Он слышит краем слуха, улавливает уплывающим сознанием издалека, от тех, кому нет до него никакого дела: крики о наславшей проклятье жареной рыбине.

Субару открывает глаза. Оранжевое в воде — один лишь закат, и Тодд машет ему рукой призывно:

— Чего стоишь? Вода отличная!

Горечь сдавливает горло Субару, тошнотная, склизкая.

— Что с тобой не так, а?! — кричит он, срывая горло. — Ты человек вообще?!

— Что? — на лице Тодда сперва выражается удивление, но через секунду оно трескается, как маска. Хищнический взгляд проступает из-за неё — распахнутые веки, ядовитая зелень, острый зрачок — и вместо слов он ныряет в воду.

Субару смотрит, захлёбываясь гневом, как нечеловечески длинная тень скользит под водой: как она извивается, как она ускоряется, как она исчезает в глубине — и вырывается из неё в лучах закатного солнца.

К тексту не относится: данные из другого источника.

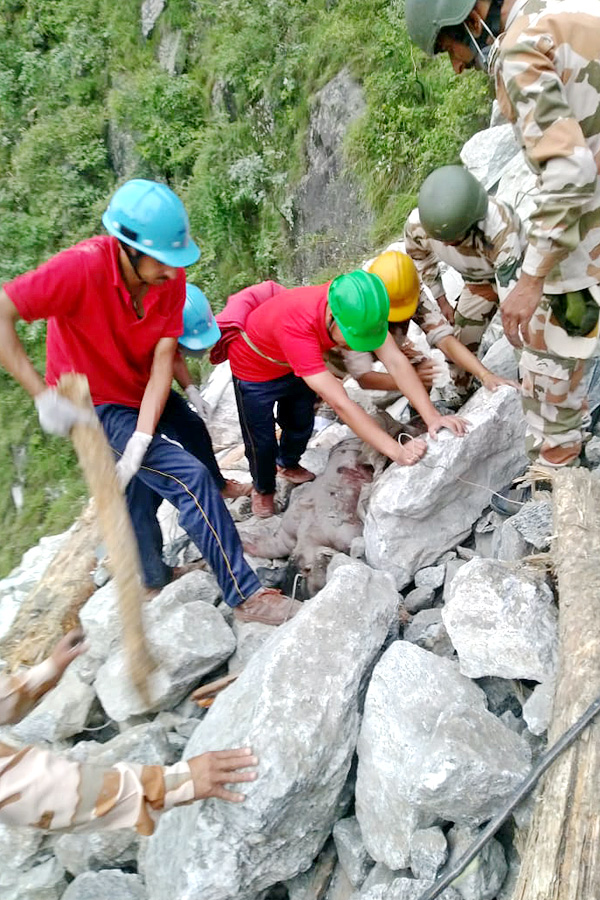 Himachal Pradesh Landslide Photo Gallery - Sakshi19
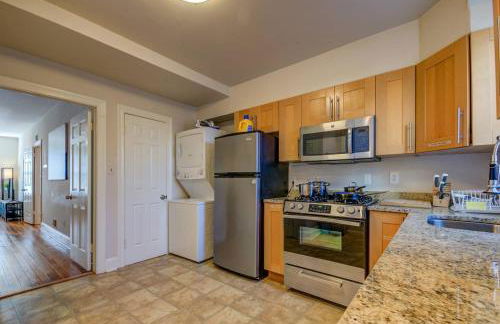 3BR Colonial House with Parking by CozySuites - Foto 22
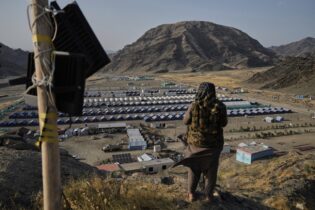 از یک پیام فیسبوکی تا قصه ۲۶۰۰ مهاجر فراموش‌شده در پاکستان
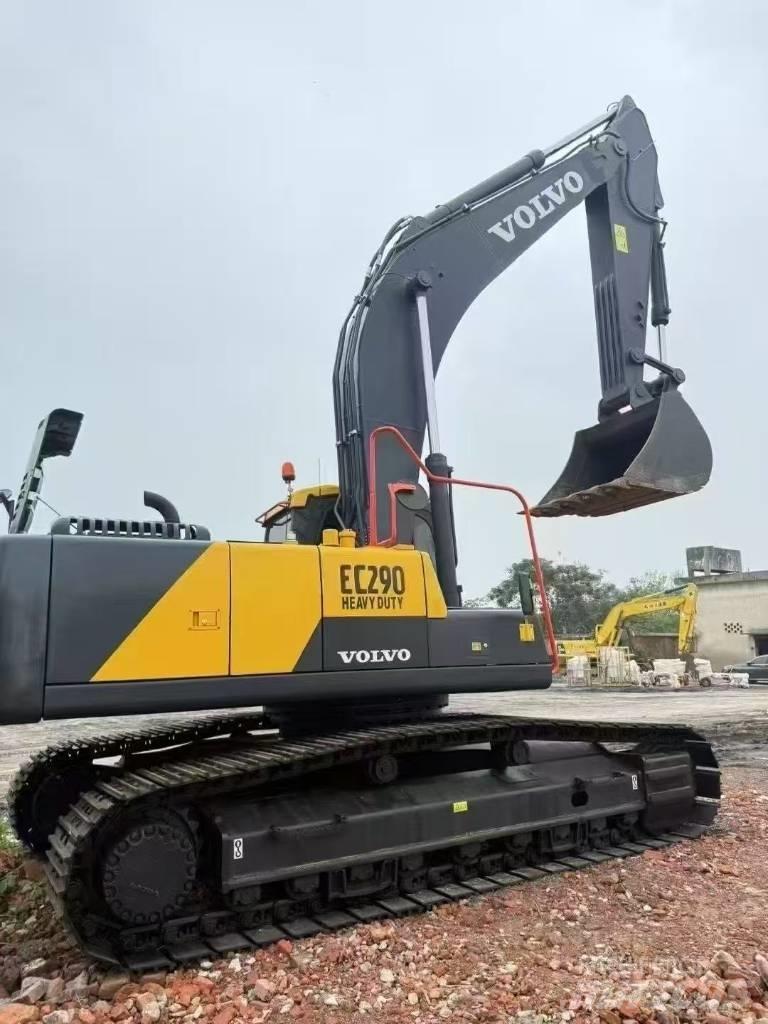 Volvo 290 Lánctalpas kotrók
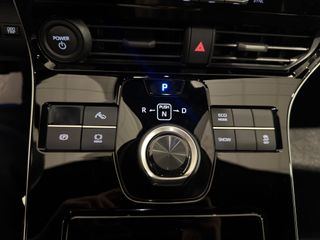 TOYOTA BZ4X BEV 71KWH 200E ADVANCE 204 5P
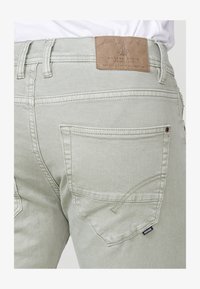 Seleccionado, verde green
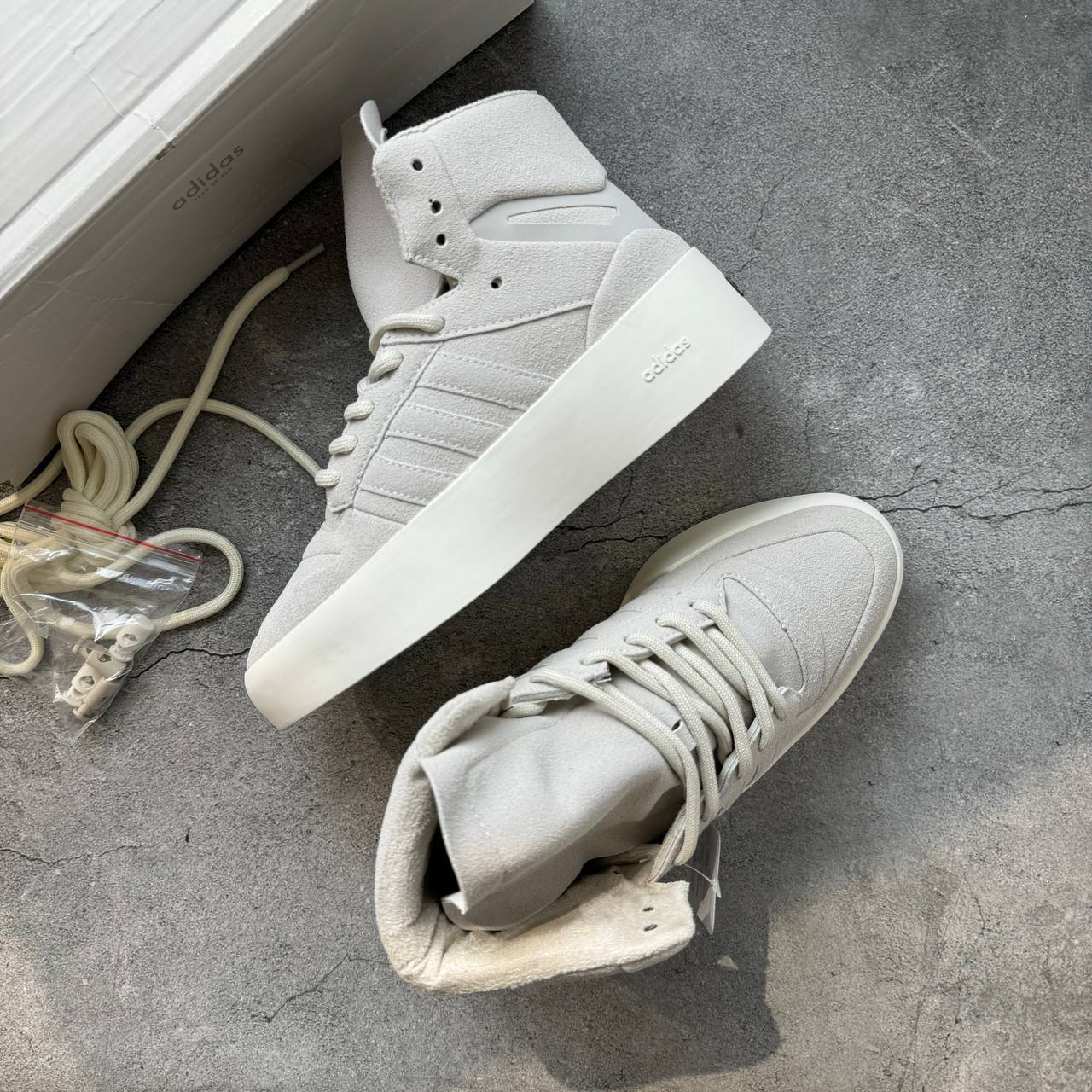 Кроссовки Adidas Fear of God Athletics '86 High Sesame Кроссовки Adidas Fear of God Athletics '86 High Sesame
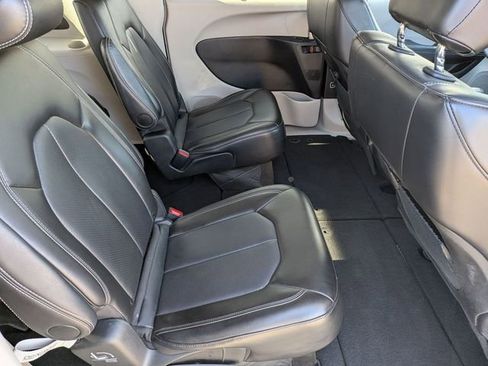 Used 2024 Chrysler Pacifica Touring-L image 28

Рука пробивает Субару грудь: он чувствует это, как она проламывает рёбра, как проходит пальцами сквозь вены и мясо, как вырывает позвоночник у него из спины.

Тодд вглядывается в лицо ему и вдруг отшатывается. Зрачки сужаются в линию, жабры на шее вздымаются угрожающе:

— А ты-то? — он выдергивает руку из его внутренностей поспешно, и это кажется почти оскорбительным. Его взгляд — зелень на фоне оранжевого — тает последним, отпечатываясь в памяти, и в нём Субару видит не того хищника, что с триумфом загнал добычу, но того, кто сделав укус, учуял в крови запах яда.

Субару открывает глаза. Оранжевое в воде, где волны перетекают друг в друга бесконечным временем, — один лишь закат, и Тодд машет ему рукой призывно:

— Чего стоишь? Вода отличная!

Субару моргает потерянно. 

— Окей, почему нет, — шепчет он себе под нос, и с такого расстояния под шум воды его человеку не услышать — но Тодд щурит зелёные глаза и хмурит брови.

Едкость дыма приносит ветром, совсем слабую, едва заметную, если не знать заранее.

Шаги Субару нетверды, и его шатает слегка. Волны лижут лодыжки и грозят смыть, утащить с собой — и всё же он идёт.

— Эй, чего лицо такое? — голос Тодда смеющийся, но в глазах его сосредоточенность, а в теле — готовность. Натягиваются косые мышцы на животе: Субару видит, как в толще воды хлещет длинный, плотный хвост, как блестят тонкие плавники в волнах, как на бёдрах едва заметно блестит чешуя.

Он выжидает, понимает Субару.

И продолжает шагать.

Вода захлёстывает его грудь, когда они с Тоддом смотрят друг другу в глаз, и между ними — расстояние вытянутой руки. По шее Тодда скользит капля воды.

Голова Тодда дёргается вперёд, и Субару чувствует, как рвутся в горле вены.

По шее Тодда скользит капля воды.

— Эй, Тодд, — говорит Субару охрипше.

— М-м? — тянет Тодд вопросительно и с беспокойством.

Субару медленно — так тянут ладонь к бездомной собаке, таращащейся на тебя с оскалом клыков, — кладёт руку ему на плечо.

Ужас накатывает на лицо Тодда волной, расплескивая ил его глаз.

Субару вцепляется зубами ему в шею.

Кровь проливается в волны сердечно-алым.